1998 Zhangbei–Shangyi earthquake
- UTC time: 1998-01-10 03:50:41
- ISC event: 1063412
- USGS-ANSS: ComCat
- Local date: 10 January 1998
- Local time: 11:50:41 CST
- Magnitude: 5.7 M_{wc} 6.2 M_{s}
- Depth: 14.1 km (8.8 mi)
- Epicenter: 41°04′59″N 114°30′00″E﻿ / ﻿41.083°N 114.500°E
- Type: Reverse
- Areas affected: China
- Total damage: >70,000 homes damaged or destroyed
- Max. intensity: CSIS VIII
- Casualties: 70 dead, 11,500 injured, 44,000 families homeless

= 1998 Zhangbei–Shangyi earthquake =

Earthquake in China

The 1998 Zhangbei–Shangyi earthquake occurred at 11:50 local time on 10 January with a moment magnitude of 5.7 at a depth of 14.1 km. It struck the province of Hebei in Zhangjiakou. At least 70 people died, 11,500 were injured and a further 44,000 families were homeless in the wake of the event. Damage was reported in the town of Zhangbei, Hebei Province, as well as to sections of the Great Wall of China.

==Earthquake==
According to the United States Geological Survey, the earthquake occurred as a result of shallow oblique-reverse faulting. The rupture likely occurred along a north northeast-south southwest striking, east-northeast dipping fault. Coseismic slip mainly occurred in the shallowest 8 km of the fault while the maximum slip is estimated at 0.55 m at depths of 4 to 5 km on the fault plane. No surface ruptures were observed as slip at the surface only measured 0.03 m; too small for any observable ground displacements. The absence of any surface ruptures could classify the event as a blind thrust earthquake.

==Impact==
An area measuring 135 km^{2} was assigned a maximum intensity of VIII on the China seismic intensity scale. According to local officials, there were a total of 49 deaths (some sources suggest 70), and 11,439 injured, 362 of them seriously. Of the 1,824 villages across 37 townships in 19 counties affected, 696 were impacted with serious results. The International Federation of Red Cross and Red Crescent Societies on January 20, stated that 12,000 people were injured, including over 1,200 in serious condition. Over 400,000 homes were severely damaged or destroyed, leaving 44,000 homeless.
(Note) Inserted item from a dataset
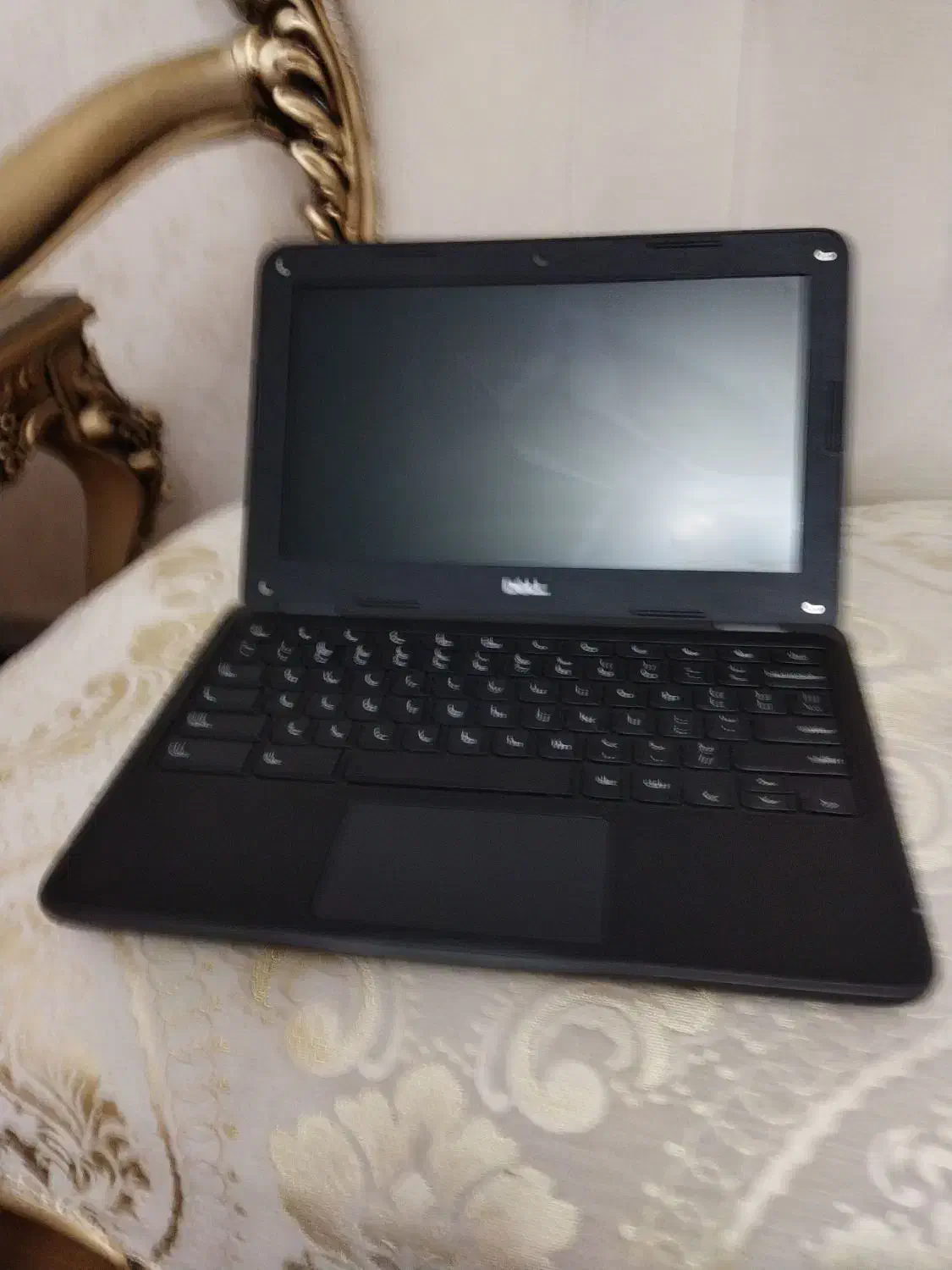 کیبورد...دستگاه وایفای بی سیم و سیم کارت خور|رایانه همراه|تهران, شهرک فردوس (حسینی)|دیوار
In Beijing, approximately 225.3 km southeast of the epicenter, office and apartment towers swayed.

==Affermath==
Medical personnel and soldiers brought blankets and relief supplies to the affected villages. According to New China News Agency, citing officials, all homeless people were sheltered. Quilt tents were constructed by resque workers in affected villages. Evening television programs in Beijing were interrupted by broadcast of the earthquake. They also reassured the city's population was safe.